Hello!
1. https://www.spinics.net/lists/sparclinux/msg25915.html
2. https://www.spinics.net/lists/sparclinux/msg25917.html
I've looked at those and they don't contain the information I am interested in. I believe that stress-ng issues random opcodes in order to test how the system reacts. The actual random opcodes are what I need to see printed out directly from stress-ng before it actually executes the opcode. The kernel crash traces do not show those, just the aftermath. For instance, in the second trace I can see that the faulting instruction is c2070005 (lduw [ %i4 + %g5 ], %g1) and with i4: 00000000010e11c0 and g5: 794b00a7d5ede977, we can see how that instruction generated an unaligned access. But that is not the instruction executed by stress-ng, it's an instruction in the kernel, operating on faulty data, and I can't tell from the trace where that strange g5 value came from. The actual user instruction that was executed may provide a good hint.

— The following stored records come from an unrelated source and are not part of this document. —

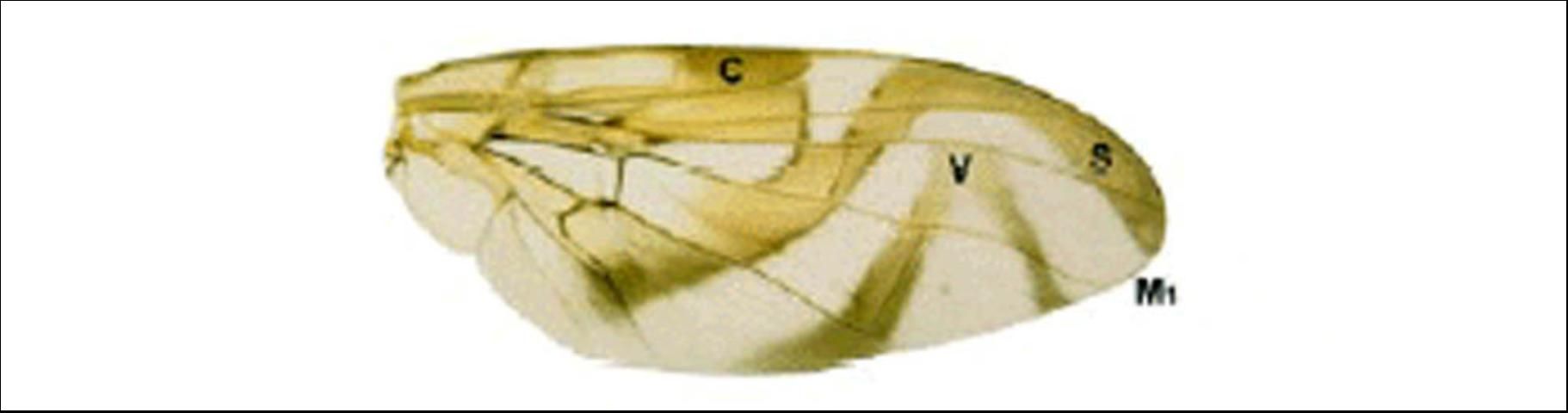 Figure 3. Wing of the Mexican fruit fly, A. ludens.
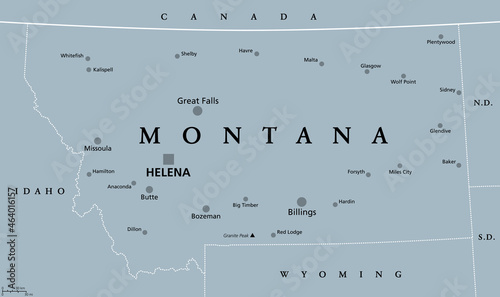 Montana, MT, gray political map with capital Helena. State in the Mountain West subregion of the Western United States of America nicknamed Big Sky Country and The Treasure State. Illustration. Vector photo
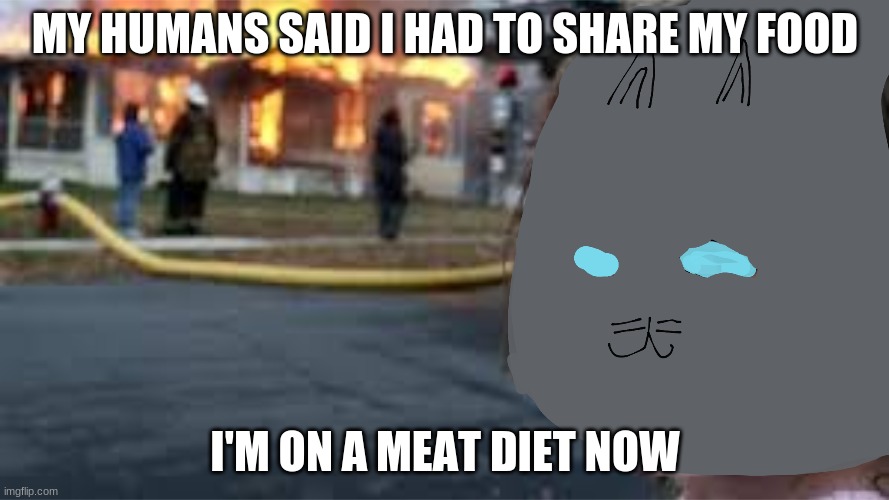 Disaster Cat | MY HUMANS SAID I HAD TO SHARE MY FOOD; I'M ON A MEAT DIET NOW | image tagged in disaster cat | made w/ Imgflip meme maker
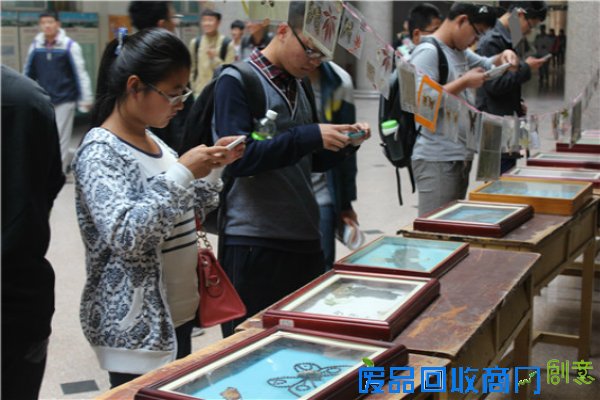 农学与植保举办昆虫标本制作技能大赛作品展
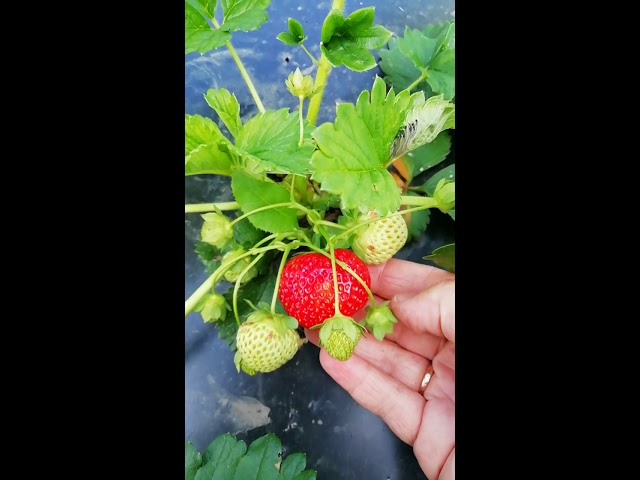 Клубника Викода крупноплодные вкусный сорт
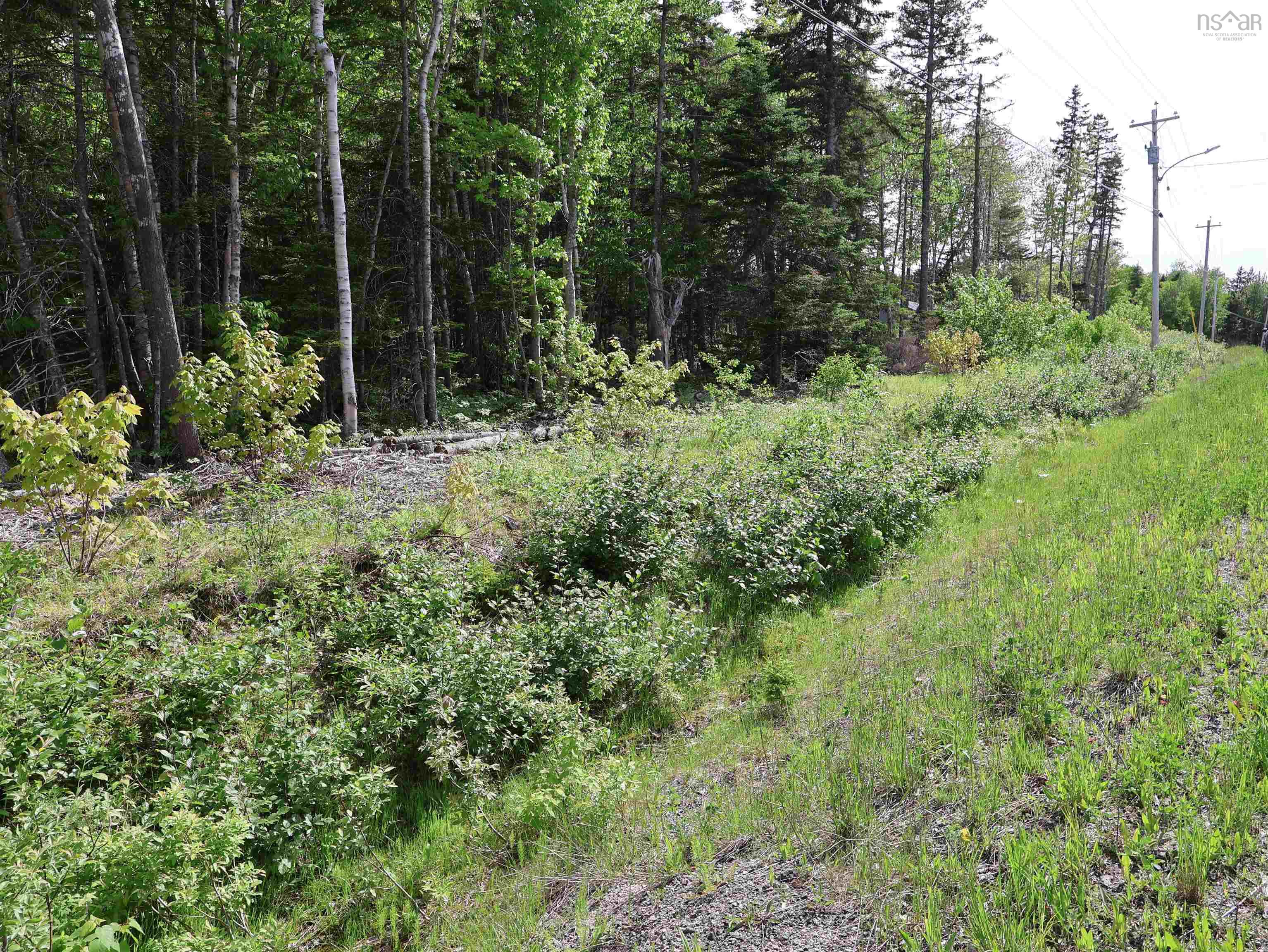$75,000.00: Lot 2, 3, 6 Leitches Creek Rd, Leitches Creek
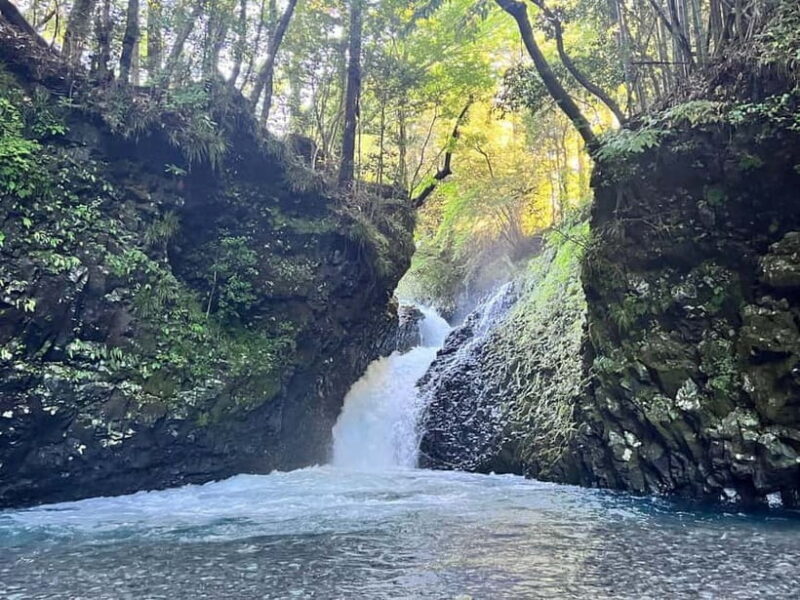 From Shinfuji: Fuji Nature Tour with Guide and Vehicle - Jimba Waterfalls: Hidden and Tranquil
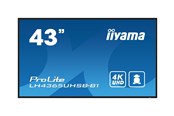 Monitory reklamowe i Telewizory hotelowe - iiyama ProLite LH4365UHSB-B1 - 3840x2160 (4K) - 60Hz - IPS - LH4365UHSB-B1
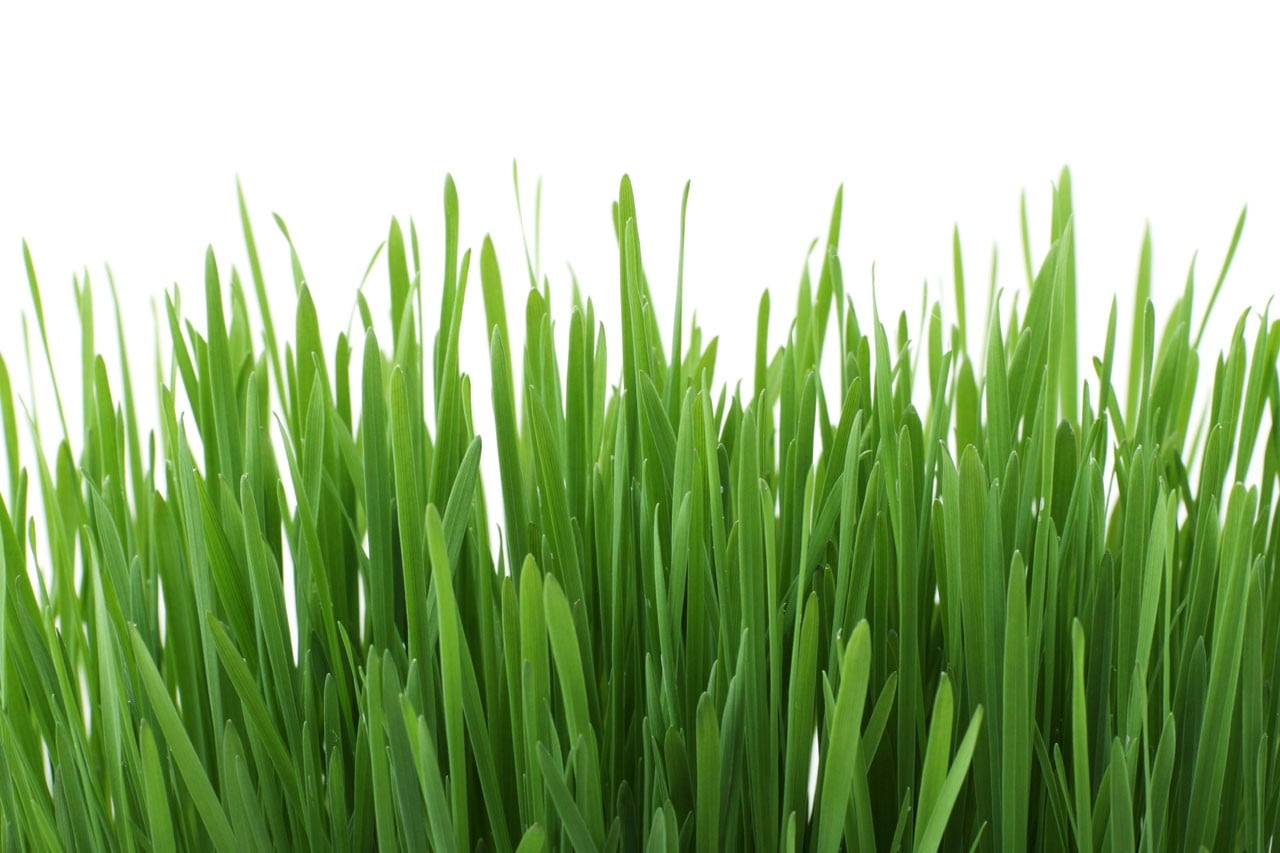 nature, field, closeup, crop, fragility, plant, agriculture, 720P, plants, close-up, grass, leaves, tranquility, freshness, day, no people, land, green color, HD Wallpaper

I instrumented stress-ng with simple opcode block logging patch https://pastebin.com/1dZiCzCg and the results are hard to find usable, so far :(
1. The amount of code generated at each try is huge - last time it was more than the scrollback buffer of my "screen".
2. Adding these logging statements makes the bug harder to trigger - tried on 5.10 and it ran fine multiple times and then failed but that took many minutes of running before the crash. I was observing the data over SSH, that might also change scheduling/CPU usage.
Any ideas for better logging that would not be in the way?
--
Meelis Roos <mroos@xxxxxxxx>